Monday, August 10, 2015

Sell solutions, not problems

For those of you who believe that marketing your nonprofit mission is all about explaining a problem…

Wise up!

Donors at all levels want solutions that solve the problem, not perpetuate it. For new or smaller nonprofits, establishing that you have the resources to do that is one of your biggest hurdles.

That's not to say that you shouldn't include the high points of the problem as a explanation for your solution. After all, there has to be a reason to ask for other people's money, whether you are selling a car or a cause.

That's what the statement of need is for, but if your whole pitch is about telling people what they probably already know, you're going to lose their interest quickly.

Unless your mission is very unique or seldom addressed, donor education on the problem is sometimes regarded as just so much more PR hype. More importantly, it wastes valuable space in your proposal.

For local nonprofits, much or your funding is going to come initially from your local area; usually at  the city, county or sometimes state level. 

A case in point

To  combat a stray dog problem,  county commissioners passed an ordinance requiring all dogs be spayed or neutered to receive a license, or that the owners get a $350 annual kennel license for unaltered animals.

As often happens when governments get involved, the policy had unintended consequences. The population of unlicensed and freely breeding dogs skyrocketed.

A local but small  mid-South animal rescue had been trying to build a no-kill shelter for almost five years, with little success. They had four acres of donated land, but little else. The cheapest plans they could put together were still coming in at $2.7 million dollars for construction and all the corresponding preparation costs, including an environmental impact study.

The problem wasn't so much irresponsible pet owners as it was the cost of the surgery. Even at the so-called county discounted average price of $175.00 per animal, most owners in the economically distressed county just couldn't afford it.

The rescue wanted to switch tactics. They contacted every vet in the area and asked them if they could offer  spay and neuter services for $75.00 per head in return for guaranteed payment. 87% of them agreed.

The new mission of the rescue was to collect funds to offer prepaid vouchers to the owners to give to the veterinarians. The owner would contact the rescue, receive a voucher number, take that to the vet within 30 days of issuance, the vet would turn in monthly confirmation of the surgeries  to the rescue, and they would then pay the vets. They will call the campaign "More pets, less puppies"

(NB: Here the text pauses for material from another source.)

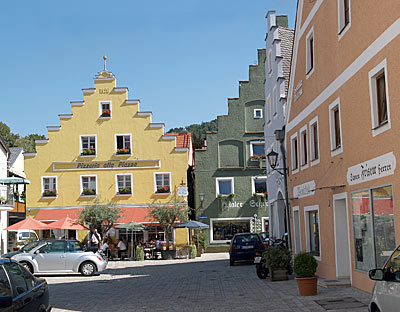 Altmühlradweg:  Schöne Winkel in Beilngries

At present, there are still some logistics to be worked out, such as what to do with animals that have no owners, but initial response to the concept has been outstanding. Pledges have tripled in just a few months.

Why this works

County residents already knew about the problem. They wanted it fixed, but not at the expense of maintaining another shelter forever and ever.

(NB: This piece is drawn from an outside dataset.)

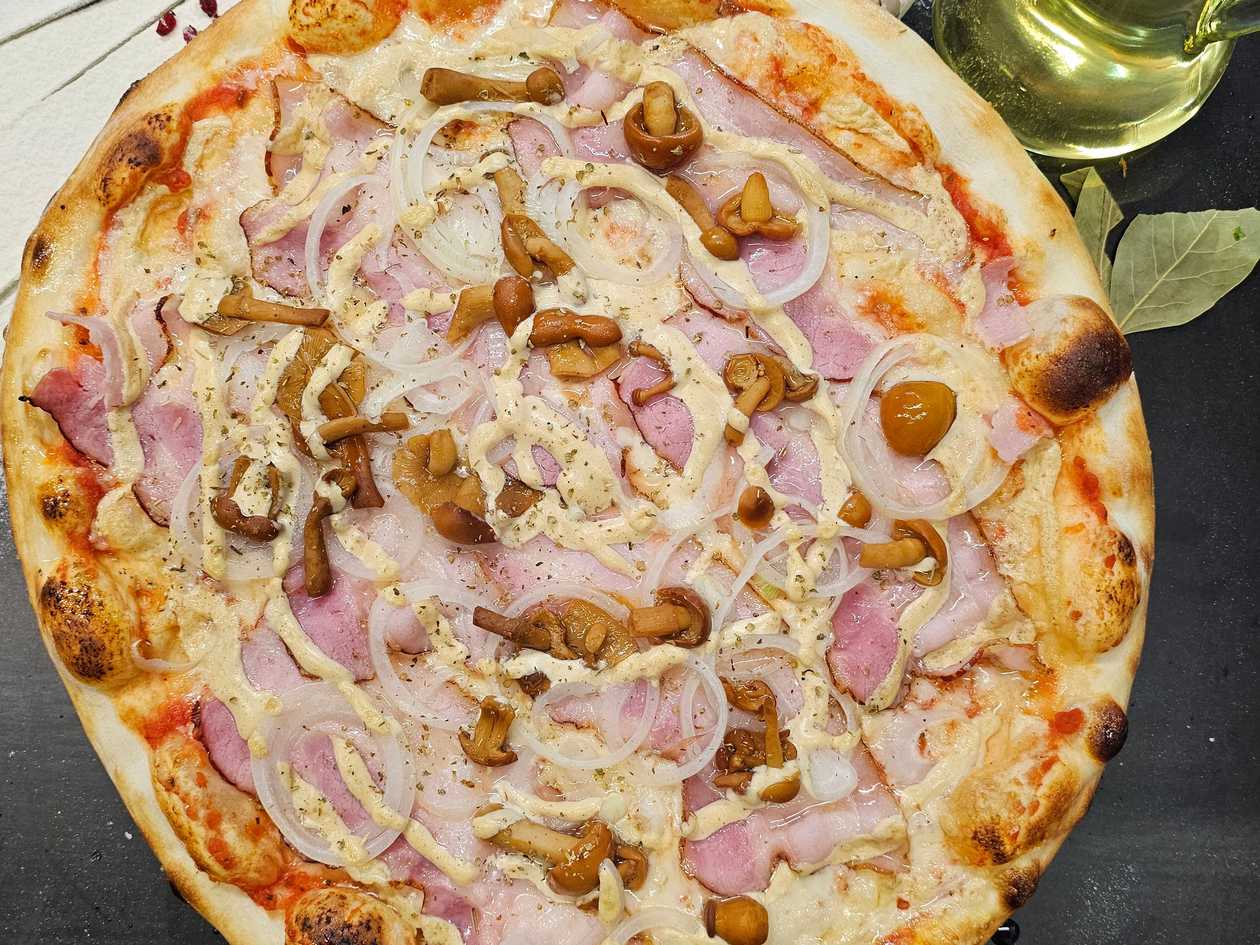 Stump pizza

This idea offers a real solution to animal overpopulation. It short, people can see the time when the need for the program will dwindle down to a minimum level.

Results are germane to the county residents. No one wants to have their dog impounded and destroyed, but economics is still the driver of family budget decisions. People who are tired of packs of free roaming dogs can see an end in sight.

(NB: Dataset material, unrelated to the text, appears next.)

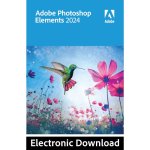 Adobe Photoshop Elements 2024 Licence perpétuelle 2 PC Téléchargement numérique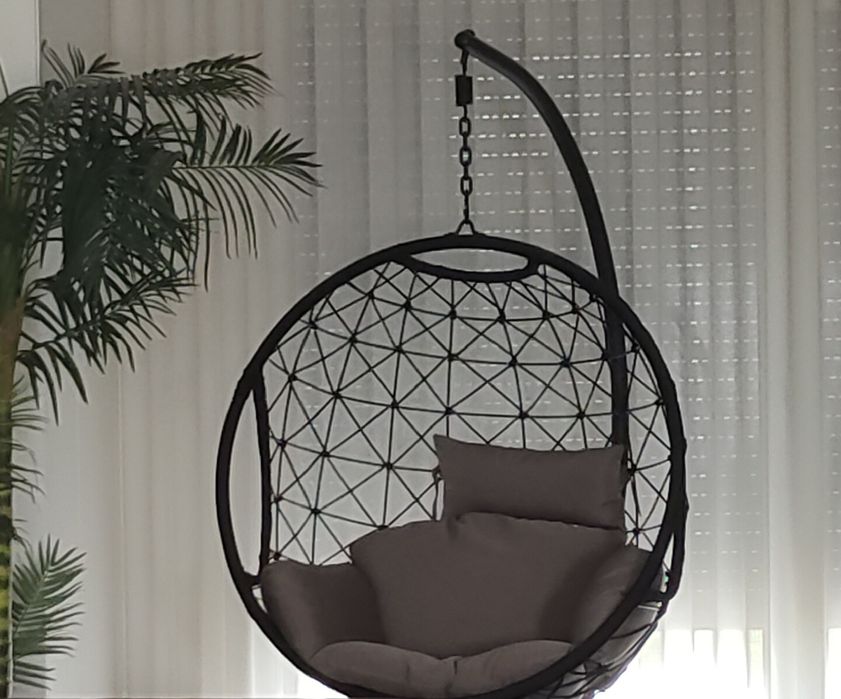 Cadeira suspensa baloiço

Veterinarians, some of whom  had been doing some surgeries for free as a public service, will realize more income, most of which goes back into the community in the form of wages and local purchases.
Even the county benefits, since their animal control personnel can spend more time on abuse cases instead of rounding up whole packs and litters of dogs. What little extra revenue was coming from dog licenses will be more than covered by a reduction in county personnel costs for overtime.

Focusing on impact

Rethink your approach to your mission. See if your programs can be redesigned to offer real solutions to the root cause of the problem. Give donors a glimpse of the light at the end of the tunnel, instead of just a longer tunnel.